I'm at university away from home, and had to find out over the phone. (It is the only way, unfortunately)

How awful. My granddad was in the middle of being tested for cancer during my last term of uni. A relative of mine thought it was appropriate to announce on Facebook that he may have cancer.

On the subject of my granddad and his cancer, he had his surgery to widen his gullet and seems to be eating much better now. He will probably never eat normally like he did before; but at least he can eat and doesn't need tube feeding.

I guess I'm in a slightly different position from you here as it is my mum who has the mutation, so I see first hand all of the effects and surgeries that may well be in my future. Last year my mum had over ten surgeries and there are more to come later this year. That is probably the the thing that scares me the most, but I suppose its the one part of this situation I can control because I can choose if and when I want any surgeries. My mum and aunt both had hysterectomies and mastectomies and I imagine that if I'm tested I'll do the same although I can imagine chickening out later!

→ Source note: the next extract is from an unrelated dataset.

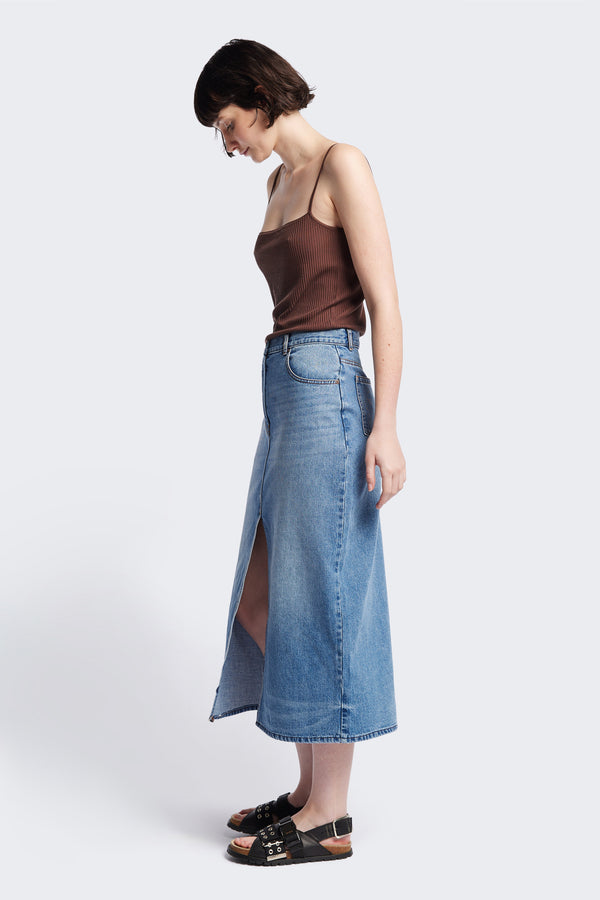 Side of The Vivendi Skirt a Straight denim pencil skirt with a front split and midi length, crafted from 12oz Japanese denim. Available in 6 sizes.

For PGD I agree that it depends on the father and I know I'm trying to make decisions 15-20 years in advance but I can't help it! I think if the father is healthy I will just leave it to chance because I can't just choose for my child not to have BRCA, I can only choose not to let an embryo with BRCA be born, and I think that regardless of whether or not I have this mutation I still deserved a chance at life and so do any future children I will (hopefully) have. The only thing I worry about is that the father will also have a BRCA2 mutation because if we are both affected with BRCA2 mutations, out child could be born with Faconi Anaemia, which would mean my child would be born with various birth defects, be seriously ill most of their life and die in their 20s or early 30s. I tend to overanalyse these things....

That's terrible; I can't imagine the stress of being in and out of hospital like that. How is your mum now? Have you discussed with them the possibility of your own surgery? Also, My mutation is in a different gene to yours (MSH2) which means that bowel cancer, stomach cancer and endometrial cancer are the main concerns for me; it doesn't affect breast cancer at all so that's one surgery I don't have to worry about.



I know what you mean about deserving life despite having a genetic mutation; it's not as though we're certain to get cancer, or that someone without the gene is safe so why meddle on that account?

I'm sorry to hear about the Faconi Anaemia risk; but I think the BRCA2 mutation is quite rare so the likelihood of the father also carrying it is relatively small, isn't it?

I know the feeling of overanalysing things, but I think it's better to be aware of your situation so that you can make informed decisions

I've had surgery to remove skin cancer, twice. Biggest fear is everytime I look at a mole/freckle/blemish on my skin I automatically assume it is going to change and I'm going to have to go through everything again. And being left with a great big scar to remind me of it doesn't help either.

Also, lost my Nan to lung cancer in 2004.

F*** cancer.

Sorry to hear about your skin cancers. Do you mind if I ask, what type of skin cancer they were, like what they looked like etc?

I've just been to the GP about a suspicious mark/thing on my leg, and have been referred to the dermatologist for a biopsy. Dr says it could be skin cancer. He said its rare though in someone my age (21) and I've not been frying in the sun or on the sunbed. Was that the same for you? I'm so scared, sorry for the questions.

Sorry to hear that. I hope it's nothing serious.

Friend has found out that 3 relatives of hers have cancer. How ****.

Does anyone have experience of the following:
Granddad had cancer in his mouth and throat. Given all clear and has had some issues eating. They don't think they can given him dentures or anything like that due to the radiotherapy.